From the records below, transcribe exactly the lines that begin at the line with "Falling Graphics" and end at the line with "Mini R50 Front", both included.

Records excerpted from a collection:
════════════════

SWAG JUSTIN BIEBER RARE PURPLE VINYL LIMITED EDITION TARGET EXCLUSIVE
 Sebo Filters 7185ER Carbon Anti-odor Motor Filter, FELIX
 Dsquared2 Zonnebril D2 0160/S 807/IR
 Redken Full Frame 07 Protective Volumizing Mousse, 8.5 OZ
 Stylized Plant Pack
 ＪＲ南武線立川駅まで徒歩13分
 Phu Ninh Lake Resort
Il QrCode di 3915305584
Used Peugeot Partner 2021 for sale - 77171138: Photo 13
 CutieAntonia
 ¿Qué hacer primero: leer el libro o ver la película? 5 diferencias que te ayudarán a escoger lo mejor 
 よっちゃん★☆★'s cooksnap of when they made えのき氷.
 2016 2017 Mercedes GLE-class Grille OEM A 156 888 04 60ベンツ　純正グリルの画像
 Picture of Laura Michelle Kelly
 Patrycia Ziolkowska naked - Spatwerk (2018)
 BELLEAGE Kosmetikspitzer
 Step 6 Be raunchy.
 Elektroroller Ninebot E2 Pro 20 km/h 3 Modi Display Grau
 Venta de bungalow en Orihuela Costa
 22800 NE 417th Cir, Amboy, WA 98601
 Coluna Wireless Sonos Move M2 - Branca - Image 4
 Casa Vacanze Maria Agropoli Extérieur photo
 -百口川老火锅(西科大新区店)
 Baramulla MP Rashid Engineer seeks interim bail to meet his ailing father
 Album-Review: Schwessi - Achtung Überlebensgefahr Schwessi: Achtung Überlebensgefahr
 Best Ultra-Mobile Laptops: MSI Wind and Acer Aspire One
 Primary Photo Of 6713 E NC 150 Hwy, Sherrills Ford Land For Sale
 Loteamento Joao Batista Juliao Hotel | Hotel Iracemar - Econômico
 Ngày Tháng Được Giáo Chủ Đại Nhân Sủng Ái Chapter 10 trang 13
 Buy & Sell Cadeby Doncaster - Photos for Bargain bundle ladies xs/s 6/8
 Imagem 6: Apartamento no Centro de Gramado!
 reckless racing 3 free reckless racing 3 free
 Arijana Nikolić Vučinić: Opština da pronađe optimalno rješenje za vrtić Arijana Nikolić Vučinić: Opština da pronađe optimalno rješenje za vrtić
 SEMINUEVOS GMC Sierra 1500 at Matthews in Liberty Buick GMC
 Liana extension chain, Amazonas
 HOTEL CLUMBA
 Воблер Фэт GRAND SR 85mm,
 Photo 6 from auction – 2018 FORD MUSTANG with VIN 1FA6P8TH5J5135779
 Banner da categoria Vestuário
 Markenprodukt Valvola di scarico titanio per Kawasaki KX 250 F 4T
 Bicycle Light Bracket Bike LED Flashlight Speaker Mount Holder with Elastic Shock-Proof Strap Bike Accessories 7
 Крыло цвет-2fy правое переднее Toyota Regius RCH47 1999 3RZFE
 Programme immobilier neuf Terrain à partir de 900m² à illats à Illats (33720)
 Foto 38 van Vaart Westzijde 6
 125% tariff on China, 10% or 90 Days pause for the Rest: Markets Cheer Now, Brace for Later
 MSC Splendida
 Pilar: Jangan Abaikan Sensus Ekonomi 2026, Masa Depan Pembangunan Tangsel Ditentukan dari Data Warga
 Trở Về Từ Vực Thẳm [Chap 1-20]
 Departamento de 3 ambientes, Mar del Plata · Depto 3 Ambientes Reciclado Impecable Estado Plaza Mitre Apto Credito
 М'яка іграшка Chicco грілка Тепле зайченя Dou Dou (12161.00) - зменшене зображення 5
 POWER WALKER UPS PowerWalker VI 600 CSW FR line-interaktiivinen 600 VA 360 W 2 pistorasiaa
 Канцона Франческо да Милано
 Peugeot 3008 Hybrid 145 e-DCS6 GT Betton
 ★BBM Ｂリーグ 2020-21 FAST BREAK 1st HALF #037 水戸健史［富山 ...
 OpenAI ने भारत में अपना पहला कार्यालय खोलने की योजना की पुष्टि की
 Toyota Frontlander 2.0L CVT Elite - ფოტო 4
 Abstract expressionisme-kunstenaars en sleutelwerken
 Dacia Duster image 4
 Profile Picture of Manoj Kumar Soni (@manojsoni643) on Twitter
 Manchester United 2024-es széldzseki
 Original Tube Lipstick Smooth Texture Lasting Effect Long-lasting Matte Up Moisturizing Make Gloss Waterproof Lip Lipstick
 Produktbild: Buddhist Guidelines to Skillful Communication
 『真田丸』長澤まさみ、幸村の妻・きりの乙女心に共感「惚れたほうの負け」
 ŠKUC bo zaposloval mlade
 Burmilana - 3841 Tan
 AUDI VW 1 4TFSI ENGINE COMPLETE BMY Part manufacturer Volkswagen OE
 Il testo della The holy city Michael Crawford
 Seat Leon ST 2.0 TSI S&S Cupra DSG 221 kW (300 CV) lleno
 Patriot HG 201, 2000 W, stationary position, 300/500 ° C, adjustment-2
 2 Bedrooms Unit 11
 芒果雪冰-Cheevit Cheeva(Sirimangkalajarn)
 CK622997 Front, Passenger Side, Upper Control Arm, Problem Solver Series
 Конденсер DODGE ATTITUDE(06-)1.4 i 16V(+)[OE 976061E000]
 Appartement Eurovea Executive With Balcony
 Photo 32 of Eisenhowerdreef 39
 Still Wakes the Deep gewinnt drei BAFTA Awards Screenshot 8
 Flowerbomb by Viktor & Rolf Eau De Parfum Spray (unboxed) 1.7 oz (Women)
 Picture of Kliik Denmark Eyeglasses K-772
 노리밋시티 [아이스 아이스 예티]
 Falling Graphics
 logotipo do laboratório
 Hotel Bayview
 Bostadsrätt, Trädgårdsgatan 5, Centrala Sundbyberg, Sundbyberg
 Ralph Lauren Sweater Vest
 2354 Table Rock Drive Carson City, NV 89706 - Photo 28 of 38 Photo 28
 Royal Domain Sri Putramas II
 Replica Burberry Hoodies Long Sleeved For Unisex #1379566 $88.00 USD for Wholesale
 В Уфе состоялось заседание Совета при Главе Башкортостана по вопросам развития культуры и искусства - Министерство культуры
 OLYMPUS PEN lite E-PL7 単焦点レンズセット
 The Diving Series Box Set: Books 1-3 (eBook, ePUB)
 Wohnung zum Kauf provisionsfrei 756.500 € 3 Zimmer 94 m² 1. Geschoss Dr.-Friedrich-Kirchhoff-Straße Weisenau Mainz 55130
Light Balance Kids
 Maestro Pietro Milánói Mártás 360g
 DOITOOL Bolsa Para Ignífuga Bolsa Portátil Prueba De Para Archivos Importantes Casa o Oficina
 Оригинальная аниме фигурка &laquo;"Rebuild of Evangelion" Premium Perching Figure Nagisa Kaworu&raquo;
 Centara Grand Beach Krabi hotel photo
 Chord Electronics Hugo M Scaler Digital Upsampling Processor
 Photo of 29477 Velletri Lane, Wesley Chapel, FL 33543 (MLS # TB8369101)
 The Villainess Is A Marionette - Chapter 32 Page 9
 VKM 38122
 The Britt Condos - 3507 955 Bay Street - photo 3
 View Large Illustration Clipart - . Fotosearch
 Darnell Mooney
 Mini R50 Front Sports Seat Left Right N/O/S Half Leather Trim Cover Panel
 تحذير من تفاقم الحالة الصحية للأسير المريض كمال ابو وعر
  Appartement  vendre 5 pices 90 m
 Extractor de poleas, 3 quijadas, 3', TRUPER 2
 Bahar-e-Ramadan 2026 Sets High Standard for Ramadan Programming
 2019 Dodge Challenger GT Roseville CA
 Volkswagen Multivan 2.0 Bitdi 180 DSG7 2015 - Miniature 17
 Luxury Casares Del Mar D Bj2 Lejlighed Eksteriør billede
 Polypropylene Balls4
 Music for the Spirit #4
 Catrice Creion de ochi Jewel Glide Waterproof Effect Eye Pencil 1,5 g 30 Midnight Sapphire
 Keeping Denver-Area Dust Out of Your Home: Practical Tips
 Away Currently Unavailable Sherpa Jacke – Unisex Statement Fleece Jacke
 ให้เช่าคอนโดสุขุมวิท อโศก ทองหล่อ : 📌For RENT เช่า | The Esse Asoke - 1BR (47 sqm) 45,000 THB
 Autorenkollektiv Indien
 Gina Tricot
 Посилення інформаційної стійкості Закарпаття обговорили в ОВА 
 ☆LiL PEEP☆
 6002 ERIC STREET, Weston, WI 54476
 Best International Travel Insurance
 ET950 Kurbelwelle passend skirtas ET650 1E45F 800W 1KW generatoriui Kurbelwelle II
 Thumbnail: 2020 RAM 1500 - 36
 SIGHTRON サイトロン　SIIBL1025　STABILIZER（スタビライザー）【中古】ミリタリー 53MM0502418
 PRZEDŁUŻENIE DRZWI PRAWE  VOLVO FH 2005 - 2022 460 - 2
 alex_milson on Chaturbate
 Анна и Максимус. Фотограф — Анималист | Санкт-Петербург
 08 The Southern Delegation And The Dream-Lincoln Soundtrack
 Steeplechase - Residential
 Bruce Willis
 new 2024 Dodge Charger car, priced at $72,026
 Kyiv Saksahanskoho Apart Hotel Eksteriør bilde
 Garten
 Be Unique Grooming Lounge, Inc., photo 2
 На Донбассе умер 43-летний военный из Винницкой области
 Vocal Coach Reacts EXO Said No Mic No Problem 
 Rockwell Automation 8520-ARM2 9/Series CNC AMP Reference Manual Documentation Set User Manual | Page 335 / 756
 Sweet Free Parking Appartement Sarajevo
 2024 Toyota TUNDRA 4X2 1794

════════════════

— Solution to this exercise —
 Falling Graphics
 logotipo do laboratório
 Hotel Bayview
 Bostadsrätt, Trädgårdsgatan 5, Centrala Sundbyberg, Sundbyberg
 Ralph Lauren Sweater Vest
 2354 Table Rock Drive Carson City, NV 89706 - Photo 28 of 38 Photo 28
 Royal Domain Sri Putramas II
 Replica Burberry Hoodies Long Sleeved For Unisex #1379566 $88.00 USD for Wholesale
 В Уфе состоялось заседание Совета при Главе Башкортостана по вопросам развития культуры и искусства - Министерство культуры
 OLYMPUS PEN lite E-PL7 単焦点レンズセット
 The Diving Series Box Set: Books 1-3 (eBook, ePUB)
 Wohnung zum Kauf provisionsfrei 756.500 € 3 Zimmer 94 m² 1. Geschoss Dr.-Friedrich-Kirchhoff-Straße Weisenau Mainz 55130
Light Balance Kids
 Maestro Pietro Milánói Mártás 360g
 DOITOOL Bolsa Para Ignífuga Bolsa Portátil Prueba De Para Archivos Importantes Casa o Oficina
 Оригинальная аниме фигурка &laquo;"Rebuild of Evangelion" Premium Perching Figure Nagisa Kaworu&raquo;
 Centara Grand Beach Krabi hotel photo
 Chord Electronics Hugo M Scaler Digital Upsampling Processor
 Photo of 29477 Velletri Lane, Wesley Chapel, FL 33543 (MLS # TB8369101)
 The Villainess Is A Marionette - Chapter 32 Page 9
 VKM 38122
 The Britt Condos - 3507 955 Bay Street - photo 3
 View Large Illustration Clipart - . Fotosearch
 Darnell Mooney
 Mini R50 Front Sports Seat Left Right N/O/S Half Leather Trim Cover Panel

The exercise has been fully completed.